Salta05/02/2026Redacción El CaudilloRedacción El Caudillo
1770303532085-019c2e4f-0089-72a4-8950-139131e333f0

El barrio Pilar atraviesa un deterioro acelerado de la seguridad que mantiene en vilo a vecinos y comerciantes. Lo que durante años fue una zona tranquila hoy aparece marcada por robos reiterados, peleas constantes y la presencia permanente de jóvenes delincuentes, muchos de ellos en situación de calle y con problemas de adicciones, que convirtieron varias esquinas y pasillos en puntos críticos.

“Antes podíamos sentarnos en la vereda o dejar la bici afuera, hoy vivimos con miedo. El barrio cambió para peor y nadie hace nada”, relató un vecino de la zona, con bronca contenida. La preocupación se repite cuadra tras cuadra y apunta especialmente a sectores que ya son identificados como focos de inseguridad.

Uno de los puntos más conflictivos señalados por los propios vecinos es la esquina de Rengel y Zuviría, donde la prostitución se convirtió en una actividad permanente. Según denuncian, ese lugar funciona como punto de reunión de mujeres trans y jóvenes con adicciones, generando peleas, disturbios y hechos delictivos. “No es una cuestión de discriminación, es una realidad: hay discusiones, gritos, robos y nadie controla nada”, afirmó una comerciante de la zona.

La inseguridad se extiende también a lo largo de las vías del tren, en el tramo que va desde Juana Moro de López hasta el paso a nivel de calle Arenales. Allí, según los testimonios, se concentran robos, consumo de drogas y movimientos sospechosos durante todo el día. A esto se suma un aguantadero ubicado sobre Juana Moro de López al 500, señalado como un sitio donde se refugia gran parte de los delincuentes del barrio. “Todos sabemos dónde se esconden, pero nadie los saca. Es tierra liberada”, sostuvo otro vecino.

Los hechos recientes refuerzan el clima de alarma. Este jueves por la mañana, una carnicería ubicada sobre calle Zuviría al 2000 fue blanco de un nuevo robo que desató la indignación de comerciantes y frentistas.
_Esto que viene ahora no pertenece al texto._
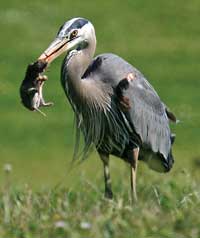 Heron catches gopher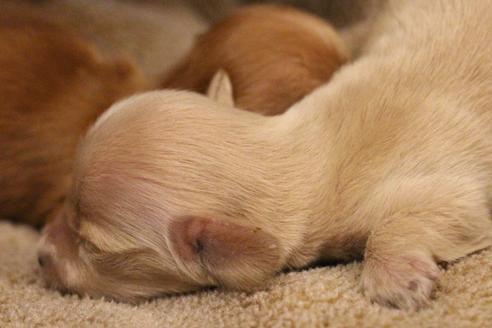 成約済の愛知県のカニンヘンダックスフンド(ロングヘアード)-65262の18枚目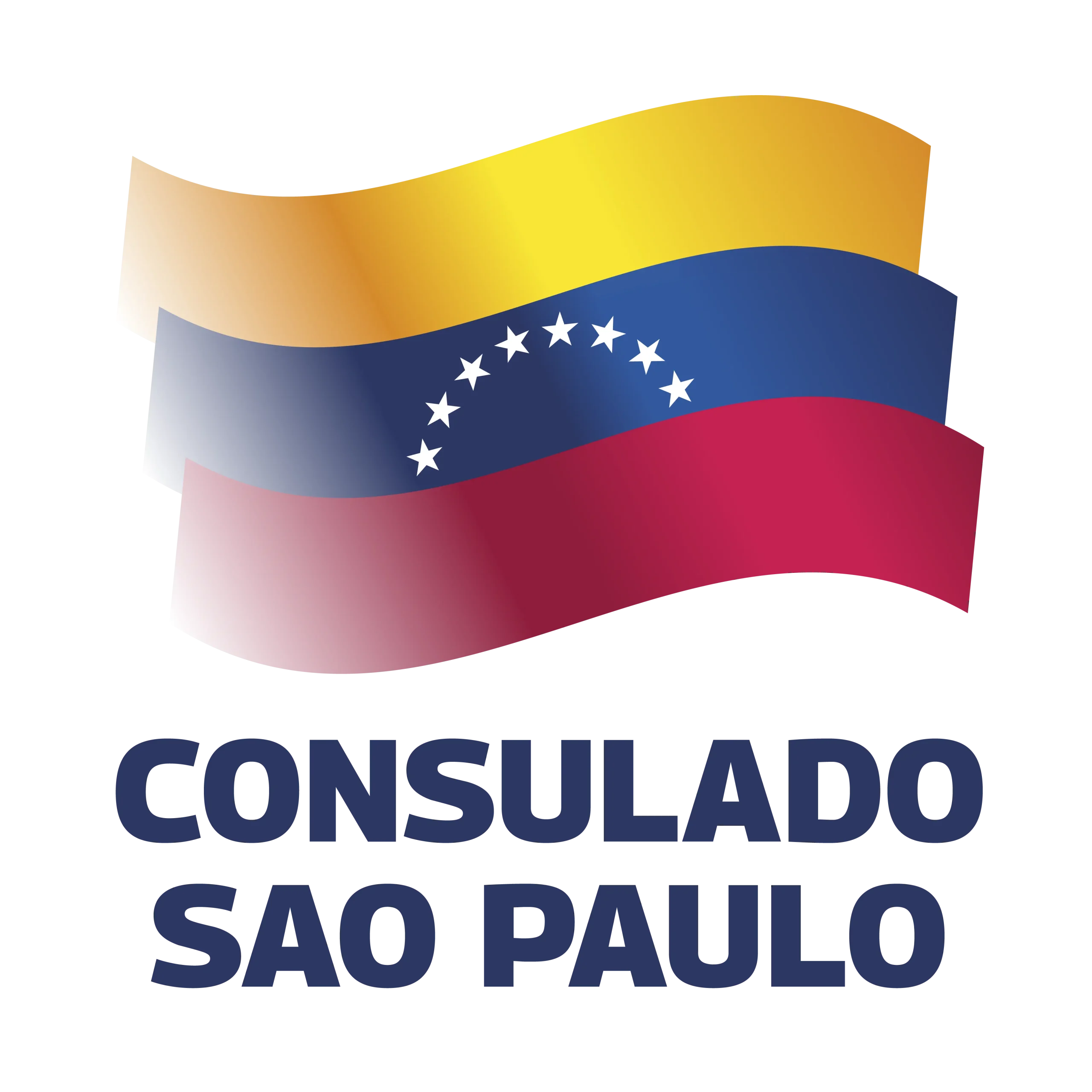 Logo Embajadas y Consulares 41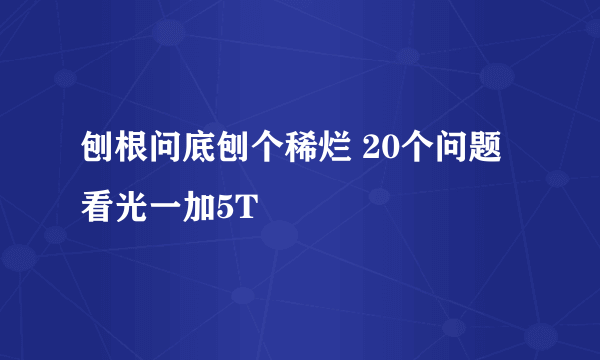 刨根问底刨个稀烂 20个问题看光一加5T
Según testigos, los delincuentes rompieron el vidrio del local y, desde afuera, extrajeron la caja registradora utilizando un palo. En el lugar dejaron abandonada una balanza, lo que evidenció el apuro con el que actuaron.

Días antes, otro comercio dedicado a la venta de insumos para mascotas, ubicado en la intersección de Zuviría y Tamayo, también fue víctima de la delincuencia. En ambos casos intervino personal policial y de Policía Científica, que realizó peritajes en el lugar, y se confirmó la existencia de cámaras de seguridad que podrían aportar datos para la investigación.

Sin embargo, para los vecinos, las actuaciones posteriores no alcanzan. “Vienen después del robo, sacan fotos y se van. Nosotros seguimos viviendo acá, con miedo”, resumió un frentista. El reclamo es claro y se repite: mayor presencia policial, controles constantes y el despeje urgente de los puntos críticos que hoy funcionan como refugio de delincuentes.